The interruption was the latest sign of the challenges facing Pride, a monthlong holiday that has united corporations and activist groups, political leaders and self-styled dissidents in celebration not only of gay liberation but of queerness generally. After decades of increasing buy-in, Pride appears to be losing public legitimacy. The change is reflected in a corporate retreat from Pride-themed marketing, shifts in public opinion, and conflicts among progressive groups about the meaning of Pride.

Inspired by the 1969 Stonewall Riots, the first Pride parades took place in 1970 in New York, San Francisco, Chicago, and Los Angeles. As decades passed, Pride came to symbolize not only the increasing acceptance of sexual minorities, but the rising fortunes of an educated, urban professional class that valued self-expression, equality, and diversity. Marketers recognized this, and sought to exploit, in the words of Katherine Sender, a professor of communications at Cornell, the association between “same-sex eroticism and young, urban trendiness.” Alcohol companies, having little reason to fear alienating religious consumers, led the way.

In 2023, the backlash came. On April 1, the transgender influencer Dylan Mulvaney posted a picture on Instagram featuring a personalized can of Bud Light. The conservative commentator Matt Walsh called for a boycott. Kid Rock posted a video of himself shooting a case of the beer. Megyn Kelly compared drinking the beer to giving “a middle finger to women.” Bud Light’s sales declined by approximately 25 percent in a matter of weeks. Two executives associated with the Mulvaney promotion were placed on leave. Anheuser-Busch’s chief marketing officer stepped aside. Bud Light, the top-selling beer in the U.S. for twenty-two years, was dethroned by Modelo Especial.

Target faced similar criticism after social media accounts claimed that a size XS swimsuit advertised as having “light binding” in the chest and a “tuck-friendly” crotch was available for purchase in the children’s section. (Target officials responded that the suits were offered only in adult sizing and not intended for children.) Sales fell by 5 percent in the April-to-June period, the first such drop in six years.

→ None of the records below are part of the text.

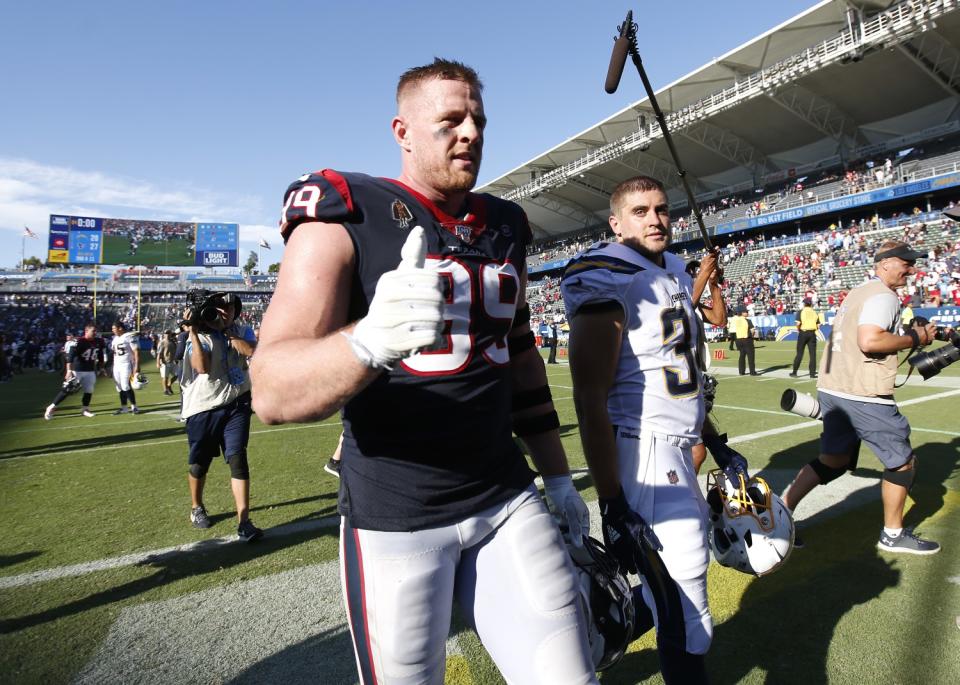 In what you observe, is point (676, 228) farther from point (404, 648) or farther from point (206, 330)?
point (404, 648)

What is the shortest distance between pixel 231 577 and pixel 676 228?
4173cm

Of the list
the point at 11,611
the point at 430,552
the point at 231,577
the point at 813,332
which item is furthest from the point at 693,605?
the point at 813,332

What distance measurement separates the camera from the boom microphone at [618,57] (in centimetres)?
355

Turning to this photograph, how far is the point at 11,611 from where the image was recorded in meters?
3.23

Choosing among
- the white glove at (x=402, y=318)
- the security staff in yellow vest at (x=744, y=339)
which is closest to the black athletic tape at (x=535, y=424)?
the white glove at (x=402, y=318)

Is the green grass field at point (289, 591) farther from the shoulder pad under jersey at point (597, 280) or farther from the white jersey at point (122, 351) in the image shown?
Answer: the white jersey at point (122, 351)

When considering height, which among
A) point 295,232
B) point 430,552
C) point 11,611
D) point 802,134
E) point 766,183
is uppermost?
point 802,134

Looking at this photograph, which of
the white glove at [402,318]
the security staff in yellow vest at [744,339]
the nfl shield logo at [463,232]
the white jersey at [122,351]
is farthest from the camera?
the security staff in yellow vest at [744,339]

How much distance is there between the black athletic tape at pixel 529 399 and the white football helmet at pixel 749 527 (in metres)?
1.25

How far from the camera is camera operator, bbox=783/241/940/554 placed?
3.71m

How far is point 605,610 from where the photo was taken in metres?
1.80

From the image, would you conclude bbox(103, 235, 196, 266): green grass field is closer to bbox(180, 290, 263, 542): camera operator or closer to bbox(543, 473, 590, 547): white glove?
bbox(180, 290, 263, 542): camera operator

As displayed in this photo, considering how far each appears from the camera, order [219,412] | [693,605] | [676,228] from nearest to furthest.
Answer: [693,605] → [219,412] → [676,228]

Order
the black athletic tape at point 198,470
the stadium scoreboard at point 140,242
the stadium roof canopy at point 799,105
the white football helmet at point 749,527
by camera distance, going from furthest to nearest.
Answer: the stadium scoreboard at point 140,242, the stadium roof canopy at point 799,105, the black athletic tape at point 198,470, the white football helmet at point 749,527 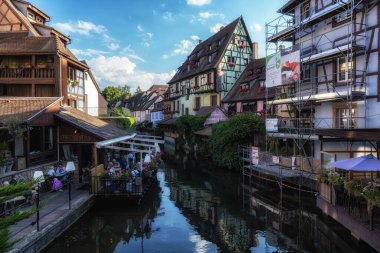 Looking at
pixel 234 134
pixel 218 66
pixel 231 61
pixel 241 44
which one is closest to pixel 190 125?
pixel 218 66

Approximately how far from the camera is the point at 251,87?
1452 inches

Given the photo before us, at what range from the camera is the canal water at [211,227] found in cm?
1170

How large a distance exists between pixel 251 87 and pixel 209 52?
12257 mm

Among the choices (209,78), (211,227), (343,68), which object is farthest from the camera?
(209,78)

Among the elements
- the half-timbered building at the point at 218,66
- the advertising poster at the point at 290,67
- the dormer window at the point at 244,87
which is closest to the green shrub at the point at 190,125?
the half-timbered building at the point at 218,66

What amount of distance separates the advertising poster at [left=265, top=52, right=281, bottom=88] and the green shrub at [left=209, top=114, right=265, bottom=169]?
3822 mm

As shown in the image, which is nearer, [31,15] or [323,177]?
[323,177]

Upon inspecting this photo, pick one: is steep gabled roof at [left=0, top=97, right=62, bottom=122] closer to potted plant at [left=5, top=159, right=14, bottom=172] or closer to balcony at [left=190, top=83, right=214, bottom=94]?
potted plant at [left=5, top=159, right=14, bottom=172]

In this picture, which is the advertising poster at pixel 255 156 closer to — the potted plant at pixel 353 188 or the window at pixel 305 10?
the window at pixel 305 10

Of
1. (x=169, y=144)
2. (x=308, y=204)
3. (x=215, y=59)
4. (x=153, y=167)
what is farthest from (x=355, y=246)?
(x=169, y=144)

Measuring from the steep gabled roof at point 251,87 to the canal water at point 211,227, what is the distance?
16.0m

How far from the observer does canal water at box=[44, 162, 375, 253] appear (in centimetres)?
1170

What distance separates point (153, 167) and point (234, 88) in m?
23.4

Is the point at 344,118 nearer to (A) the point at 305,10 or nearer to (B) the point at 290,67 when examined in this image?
(B) the point at 290,67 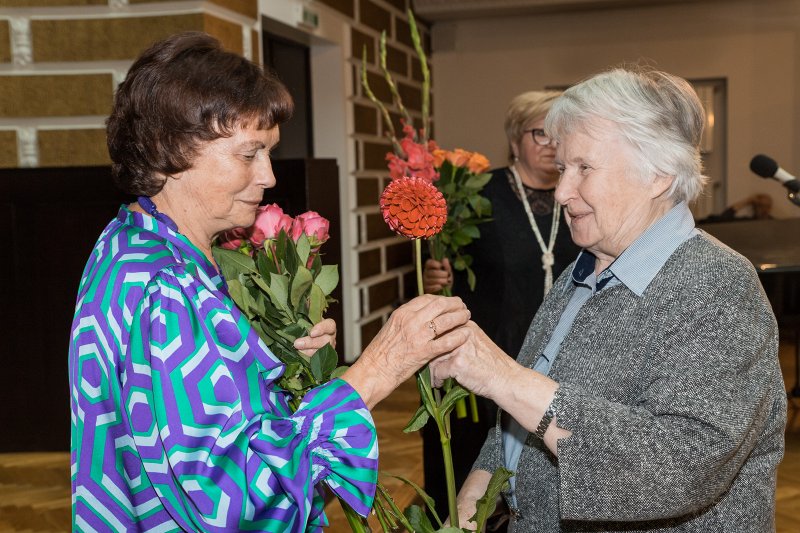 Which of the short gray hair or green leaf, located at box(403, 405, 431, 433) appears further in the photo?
the short gray hair

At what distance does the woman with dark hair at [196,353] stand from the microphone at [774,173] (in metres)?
1.82

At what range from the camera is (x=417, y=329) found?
1.41m

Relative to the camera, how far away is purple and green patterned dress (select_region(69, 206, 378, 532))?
4.12ft

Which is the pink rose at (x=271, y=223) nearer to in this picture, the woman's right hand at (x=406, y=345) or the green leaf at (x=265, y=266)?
the green leaf at (x=265, y=266)

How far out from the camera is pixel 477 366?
144 centimetres

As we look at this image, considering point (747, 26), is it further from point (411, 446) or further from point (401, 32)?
point (411, 446)

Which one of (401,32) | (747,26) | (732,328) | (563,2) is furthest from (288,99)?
(747,26)

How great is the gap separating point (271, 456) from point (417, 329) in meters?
0.32

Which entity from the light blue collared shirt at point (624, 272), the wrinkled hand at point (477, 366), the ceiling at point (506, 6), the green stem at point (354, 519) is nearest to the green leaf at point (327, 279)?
the wrinkled hand at point (477, 366)

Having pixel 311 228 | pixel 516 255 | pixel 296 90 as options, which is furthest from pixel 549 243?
pixel 296 90

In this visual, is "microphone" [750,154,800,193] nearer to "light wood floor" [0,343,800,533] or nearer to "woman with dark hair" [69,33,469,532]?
"light wood floor" [0,343,800,533]

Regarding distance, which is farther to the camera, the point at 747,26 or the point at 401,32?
the point at 747,26

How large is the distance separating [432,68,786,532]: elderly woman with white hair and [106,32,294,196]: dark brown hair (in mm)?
541

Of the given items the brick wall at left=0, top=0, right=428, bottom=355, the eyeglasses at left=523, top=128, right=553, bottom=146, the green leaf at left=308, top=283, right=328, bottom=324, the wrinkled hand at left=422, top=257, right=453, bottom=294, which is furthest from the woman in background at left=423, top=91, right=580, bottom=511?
the green leaf at left=308, top=283, right=328, bottom=324
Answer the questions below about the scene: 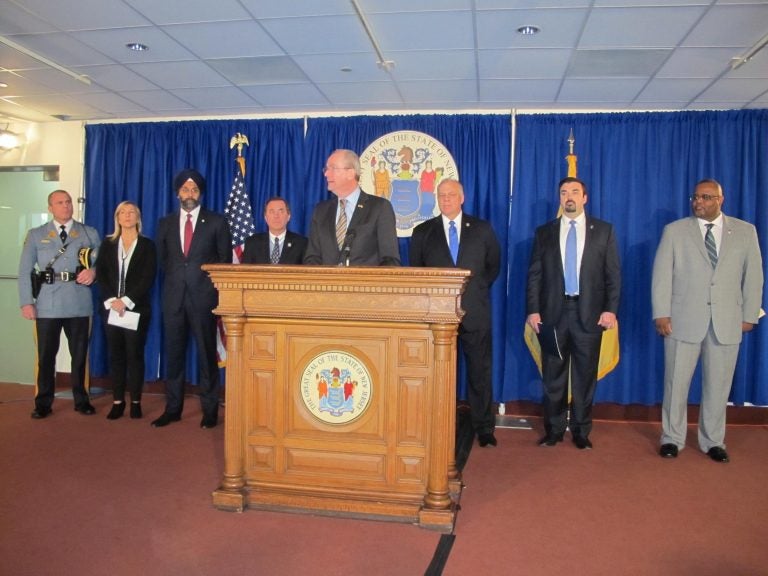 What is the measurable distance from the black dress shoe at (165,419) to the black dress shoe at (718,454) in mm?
3746

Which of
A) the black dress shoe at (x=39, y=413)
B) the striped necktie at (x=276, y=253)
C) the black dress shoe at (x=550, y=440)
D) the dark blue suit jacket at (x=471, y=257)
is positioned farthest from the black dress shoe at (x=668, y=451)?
the black dress shoe at (x=39, y=413)

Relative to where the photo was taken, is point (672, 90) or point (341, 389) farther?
point (672, 90)

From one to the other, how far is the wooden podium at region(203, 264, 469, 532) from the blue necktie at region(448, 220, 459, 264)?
1.64 metres

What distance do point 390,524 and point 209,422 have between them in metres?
2.17

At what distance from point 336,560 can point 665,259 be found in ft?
9.58

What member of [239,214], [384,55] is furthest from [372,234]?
[239,214]

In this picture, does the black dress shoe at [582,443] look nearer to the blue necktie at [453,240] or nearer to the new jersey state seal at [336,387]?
the blue necktie at [453,240]

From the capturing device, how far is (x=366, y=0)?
10.6ft

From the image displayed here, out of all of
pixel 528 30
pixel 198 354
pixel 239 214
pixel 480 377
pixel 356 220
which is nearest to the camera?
pixel 356 220

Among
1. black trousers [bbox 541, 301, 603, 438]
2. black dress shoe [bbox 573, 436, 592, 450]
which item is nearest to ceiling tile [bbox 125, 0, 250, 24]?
black trousers [bbox 541, 301, 603, 438]

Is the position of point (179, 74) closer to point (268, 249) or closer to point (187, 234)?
point (187, 234)

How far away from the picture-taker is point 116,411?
15.4 feet

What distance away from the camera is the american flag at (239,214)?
17.4 ft

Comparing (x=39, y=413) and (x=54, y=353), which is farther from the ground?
(x=54, y=353) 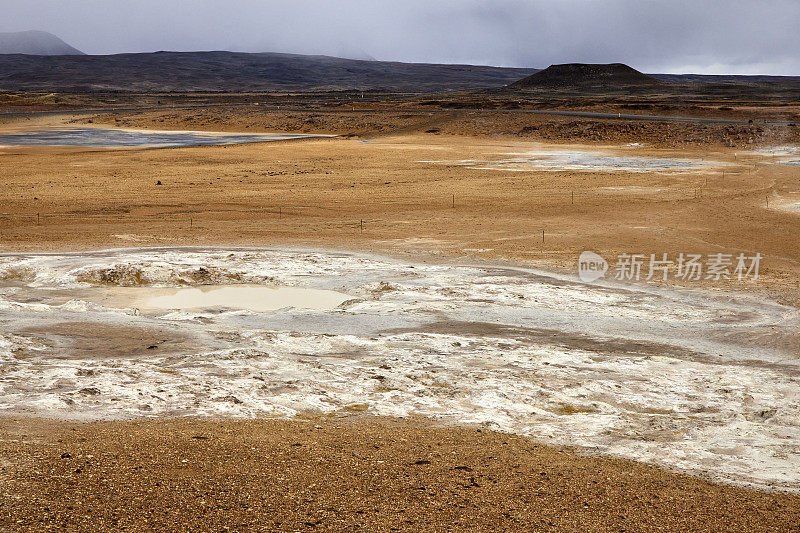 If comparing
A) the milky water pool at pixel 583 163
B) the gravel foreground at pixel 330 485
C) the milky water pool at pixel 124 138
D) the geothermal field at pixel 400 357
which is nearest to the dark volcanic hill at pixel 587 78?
the milky water pool at pixel 124 138

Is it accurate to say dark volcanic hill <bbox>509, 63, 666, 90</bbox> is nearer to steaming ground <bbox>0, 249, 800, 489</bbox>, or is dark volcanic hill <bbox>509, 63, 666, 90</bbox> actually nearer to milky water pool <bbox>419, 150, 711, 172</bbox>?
milky water pool <bbox>419, 150, 711, 172</bbox>

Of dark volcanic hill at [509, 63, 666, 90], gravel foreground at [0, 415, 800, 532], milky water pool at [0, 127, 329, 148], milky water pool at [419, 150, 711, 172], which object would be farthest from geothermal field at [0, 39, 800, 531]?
dark volcanic hill at [509, 63, 666, 90]

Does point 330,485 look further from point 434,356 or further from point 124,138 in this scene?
point 124,138

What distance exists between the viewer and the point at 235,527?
5.91 meters

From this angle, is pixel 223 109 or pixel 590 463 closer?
pixel 590 463

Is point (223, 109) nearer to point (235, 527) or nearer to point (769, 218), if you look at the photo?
point (769, 218)

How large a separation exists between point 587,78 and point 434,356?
13083 cm

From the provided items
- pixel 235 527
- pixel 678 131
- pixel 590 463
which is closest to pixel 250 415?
pixel 235 527

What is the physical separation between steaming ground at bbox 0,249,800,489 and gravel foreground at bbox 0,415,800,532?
573 millimetres

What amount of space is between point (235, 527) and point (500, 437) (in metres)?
3.14

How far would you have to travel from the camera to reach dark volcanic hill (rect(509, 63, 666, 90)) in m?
129

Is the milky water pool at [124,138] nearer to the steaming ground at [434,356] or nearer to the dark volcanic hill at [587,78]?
the steaming ground at [434,356]

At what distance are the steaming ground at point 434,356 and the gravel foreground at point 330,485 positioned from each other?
0.57 metres

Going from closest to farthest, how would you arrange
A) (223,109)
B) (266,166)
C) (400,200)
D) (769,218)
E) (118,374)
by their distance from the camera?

Corporations took note. After years of increasing prominence, Pride commemorations were more subdued in 2024. Nike, which has offered Pride collections since 1999, declined to offer one this year. Target dropped Pride-themed childrenswear and offered Pride merchandise in only half its stores. Bud Light refrained from any Pride-themed advertising, instead highlighting its partnership with Dustin Poirier, a UFC fighter.

Due in part to these decisions by retailers, Pride was less prominent this year in the public spaces of American cities—as if Manhattan department stores had suddenly stopped doing Christmas displays. “I certainly haven’t seen a significant amount of pride items or flags outside, which kind of threw me because I live in a fairly progressive area,” lamented one commenter on the r/lgbt subreddit. “I’ve noticed this too,” wrote another. “Even when I was in the city I only saw a few.”

One reason Pride is less prominent in cities this year is that cities have other things to worry about. Despite its origins in rioting, Pride greatly benefited from the historic reduction in crime that American cities underwent in the 1990s. Cities suddenly became safe for the educated professionals whose values generally accorded with Pride, whether or not they happened to be LGBTQ. Areas that once had been known for crime and disorder gradually gentrified, a process often marked by the emergence of shops adorned with rainbow banners.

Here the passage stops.